-------- AVAILABLE DATA --------

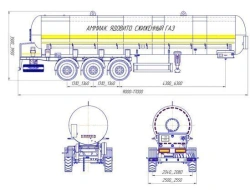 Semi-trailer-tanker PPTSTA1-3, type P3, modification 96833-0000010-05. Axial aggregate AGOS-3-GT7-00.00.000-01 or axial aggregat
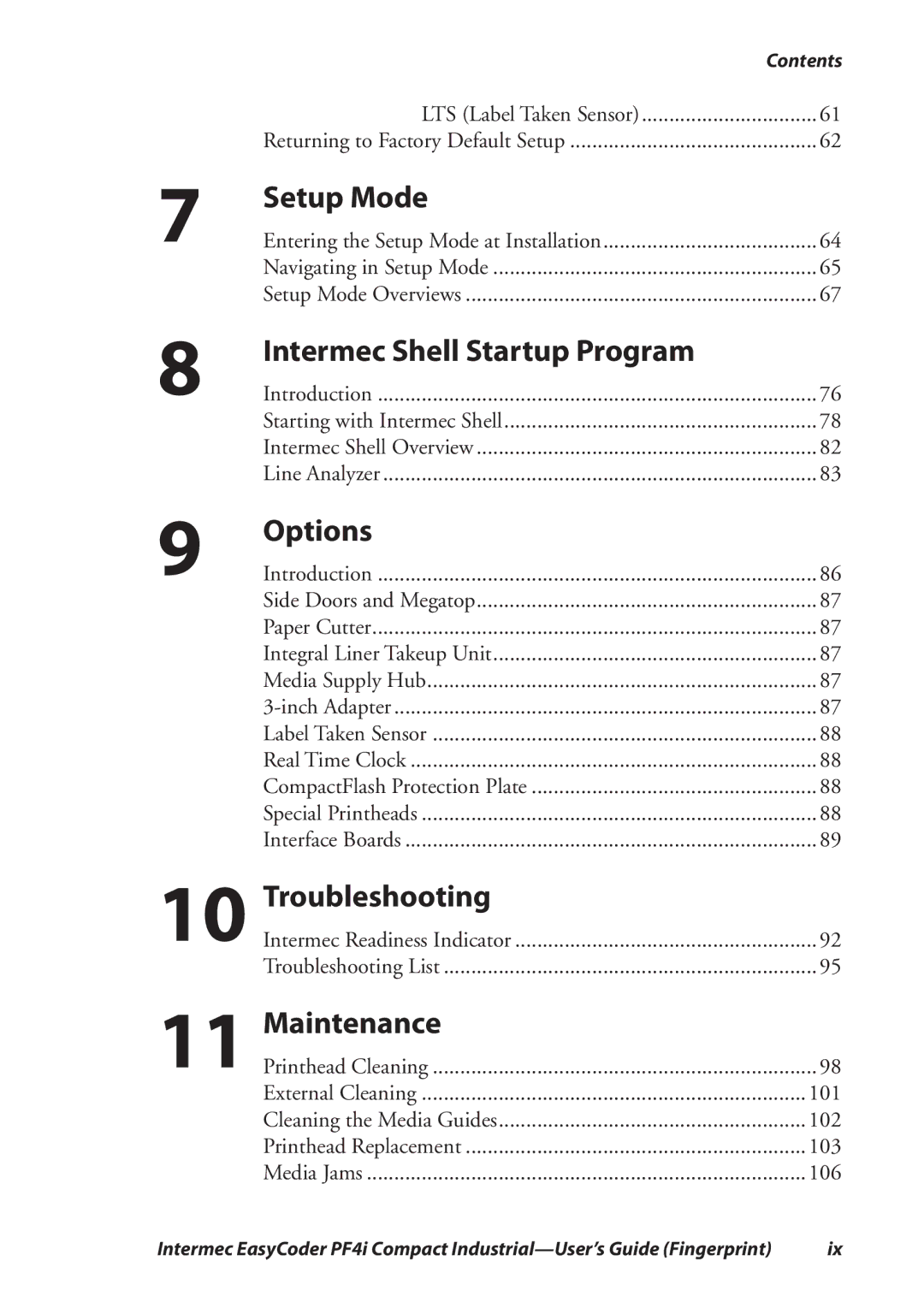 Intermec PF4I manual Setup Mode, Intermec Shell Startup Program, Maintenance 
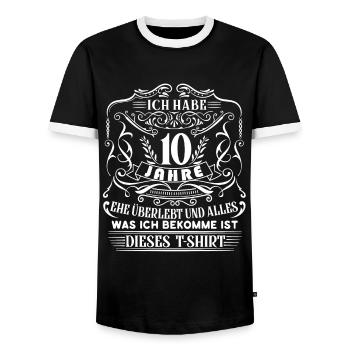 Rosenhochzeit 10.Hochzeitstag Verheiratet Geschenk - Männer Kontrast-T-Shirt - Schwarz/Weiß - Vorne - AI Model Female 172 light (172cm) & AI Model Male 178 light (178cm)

--------

HOW TO COMPLETE THIS TASK: Starting at the line that contains "Intermec PF4I manual", output every line through the end of the data, both ends included, and nothing else; pictures stay out.

RESULT OF THIS TASK:
 Intermec PF4I manual Setup Mode, Intermec Shell Startup Program, Maintenance 
 Rosenhochzeit 10.Hochzeitstag Verheiratet Geschenk - Männer Kontrast-T-Shirt - Schwarz/Weiß - Vorne - AI Model Female 172 light (172cm) & AI Model Male 178 light (178cm)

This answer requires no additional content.